Tinazzi’s Poderi Campopian

The valleys of Valpolicella owe the beauty of their landscapes to the families who made winemaking not just a profession, but also a legacy that spans countless generations.

Among the innumerable vineyards that adorn the valleys of Valpolicella, there’s one new estate that stands out at an altitude of no less than 600 metres (2,000 feet) above sea level.This is Poderi Campopian, the Tinazzi family’s new property, lying in the heart of the Valpolicella Classico zone above the village of Fumane.

Image credit: Tinazzi
Image credit: Tinazzi

The Tinazzi family has always invested in order to achieve higher quality, ever since they entered the wine industry 50 years ago, when Eugenio Tinazzi and his son Gian Andrea decided to pioneer Valpolicella wines on the export market.

Today, Gian Andrea’s children, Francesca and Giorgio, have joined the family business and help their father produce high-quality Amarone and Ripasso wines.

Image credit: Tinazzi
Image credit: Tinazzi

Driven by a proactive and entrepreneurial spirit, the Tinazzi family has expanded its properties and now owns over 30 hectares of vineyards spread over the valleys of Valpolicella and Lake Garda.

Poderi Campopian is the latest sizeable investment by this family company, designed to produce a limited number of exceptionally high-quality wines.
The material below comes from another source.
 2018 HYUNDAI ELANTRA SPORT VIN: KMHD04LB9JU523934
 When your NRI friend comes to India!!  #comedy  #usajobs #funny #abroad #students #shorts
The estate includes 12 hectares of vineyards facing southwest, where Verona’s native grapes - Corvina, Molinara and Rondinella - benefit from excellent exposure to the sun and express their best qualities in wines such as “Marziale”Amarone della Valpolicella Classico DOCG and “Lunante” Valpolicella Ripasso Classico Superiore DOC.

Flavours of dried grapes stand out in these premium, full-bodied reds and enhance the complexity of tastes that include hints of plums, chocolate and spices.

In the early 2000s, the family’s passion to explore and invest in new trends brought them to the South, to the “heel” of Italy, in Puglia.

It was in 2001, during a trip to Salento, in the area near Manduria, that Gian Andrea Tinazzi found himself at Feudo Croce, where the traditionally way Primitivo grapes are cultivated fascinated him. The family quickly understood the potential of those low-trained “alberello” vineyards and acquired a 68-hectare estate in Carosino, near Taranto, where they now produce the multi-awarded Feudo Croce Imperio Primitivo di Manduria.